## TASK DIRECTIONS
Please copy exactly the lines from the first in the records through the line that contains "Split Soft Satin Party Dresses", but not the pictures.

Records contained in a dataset
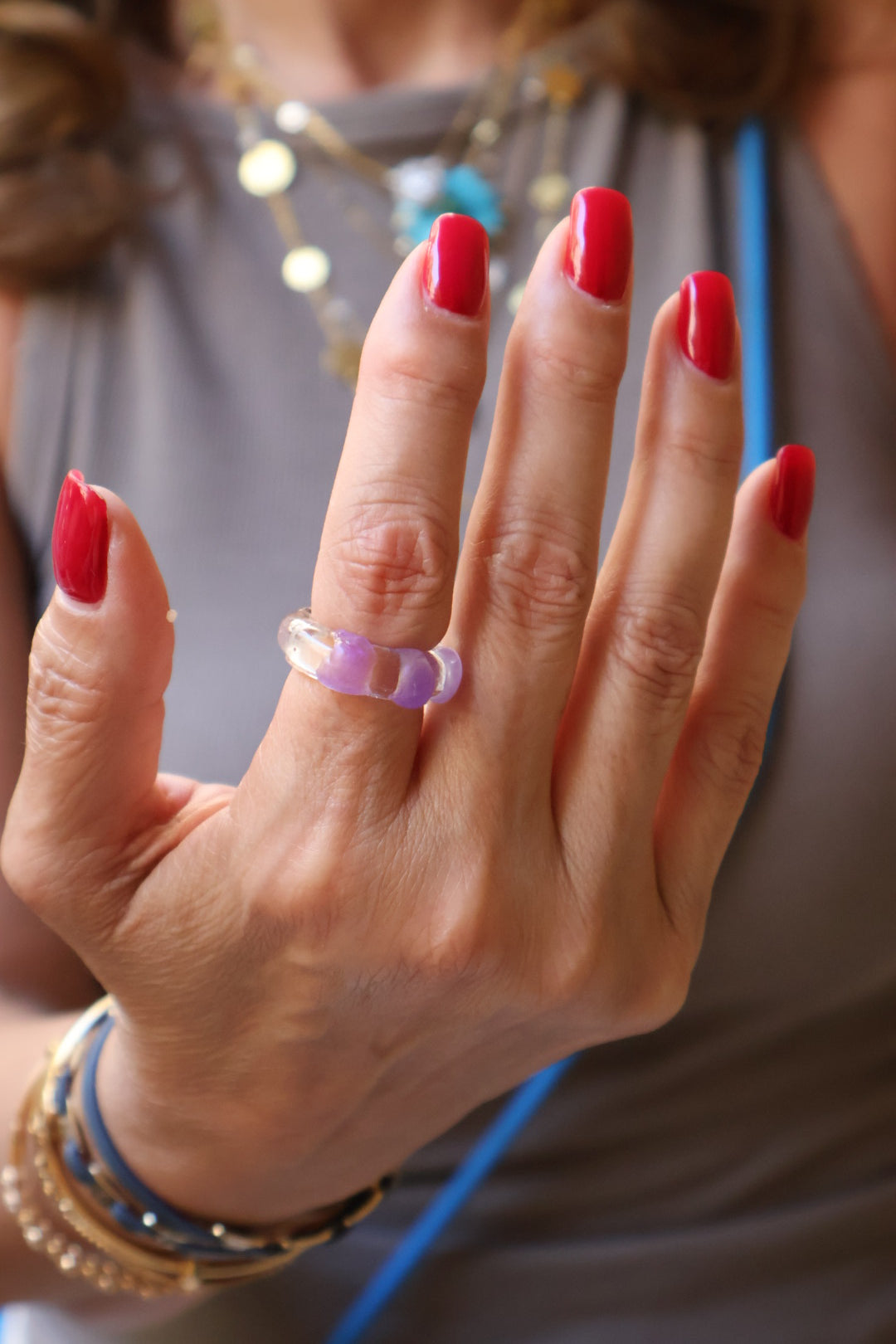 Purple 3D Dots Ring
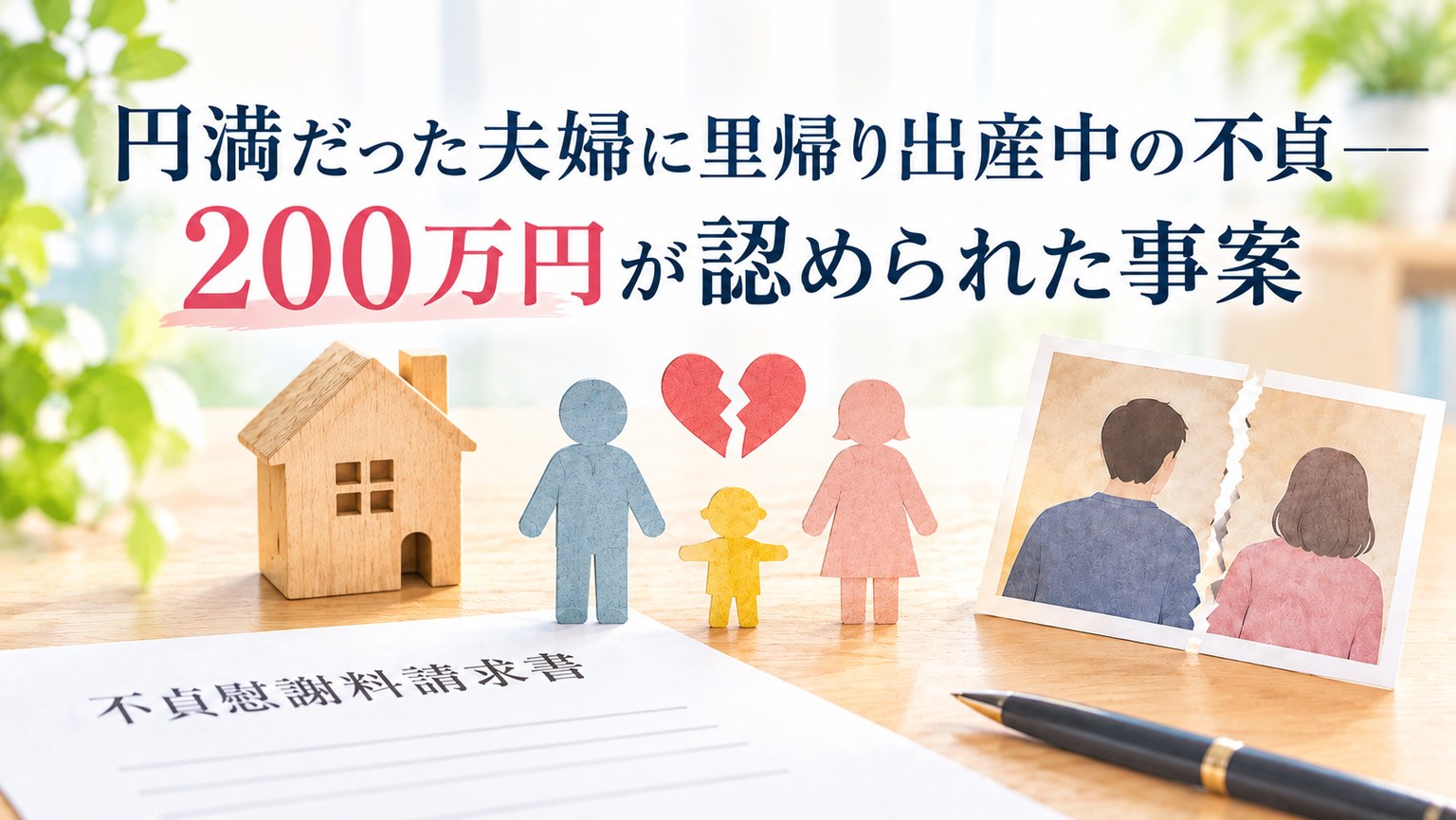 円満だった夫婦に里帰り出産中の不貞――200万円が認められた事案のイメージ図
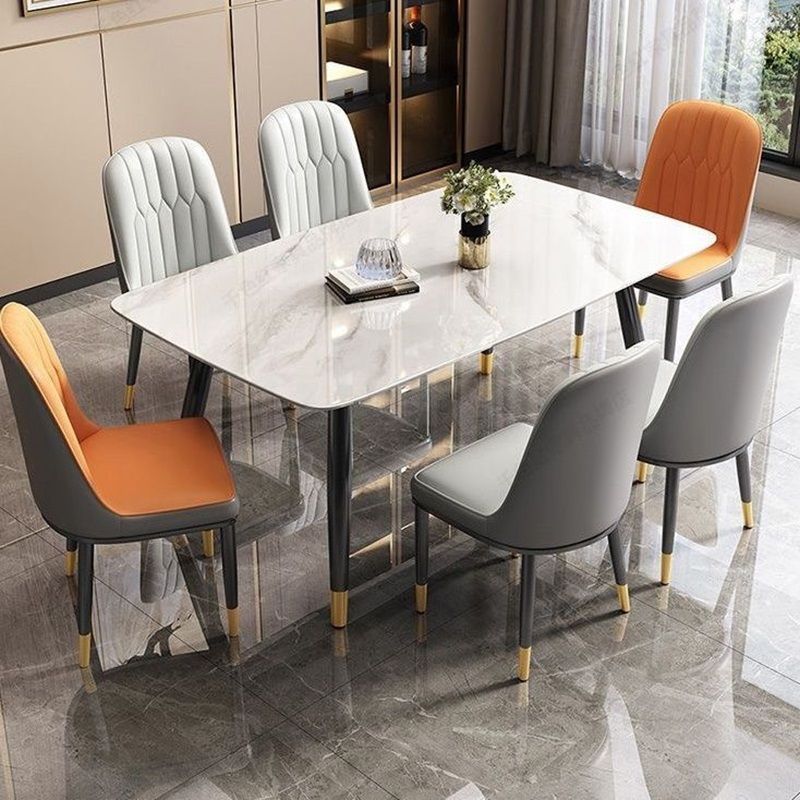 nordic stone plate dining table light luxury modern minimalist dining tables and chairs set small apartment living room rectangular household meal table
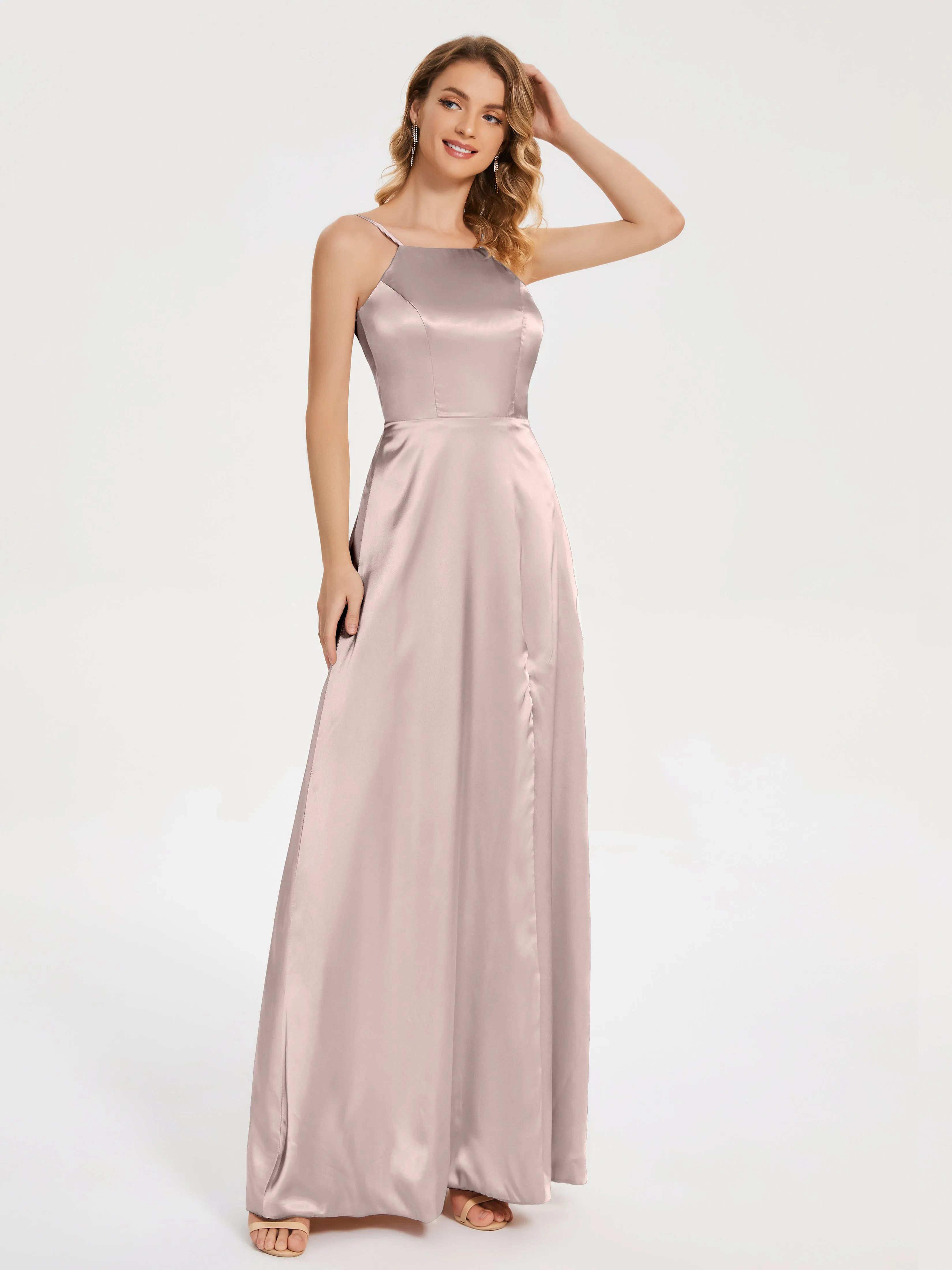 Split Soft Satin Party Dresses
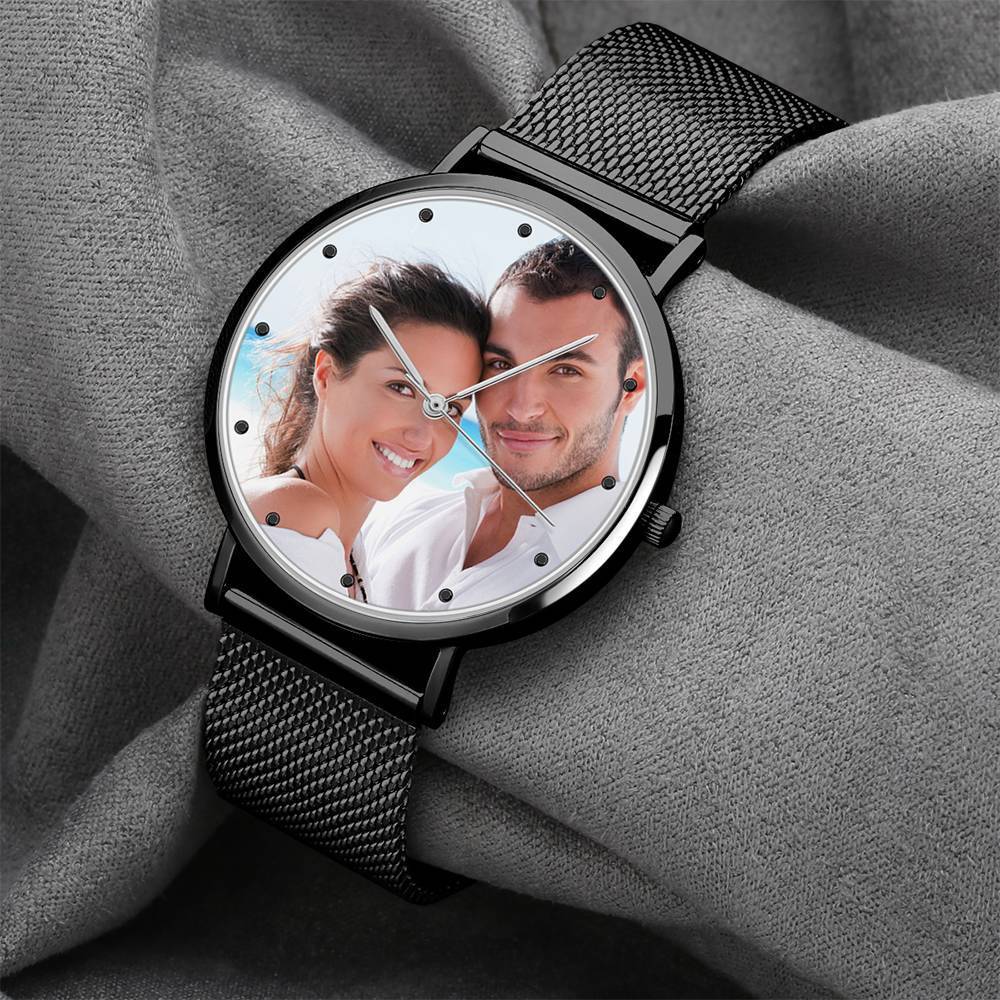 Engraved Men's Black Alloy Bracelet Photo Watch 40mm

## ANSWER BOX
 Purple 3D Dots Ring
 円満だった夫婦に里帰り出産中の不貞――200万円が認められた事案のイメージ図
 nordic stone plate dining table light luxury modern minimalist dining tables and chairs set small apartment living room rectangular household meal table
 Split Soft Satin Party Dresses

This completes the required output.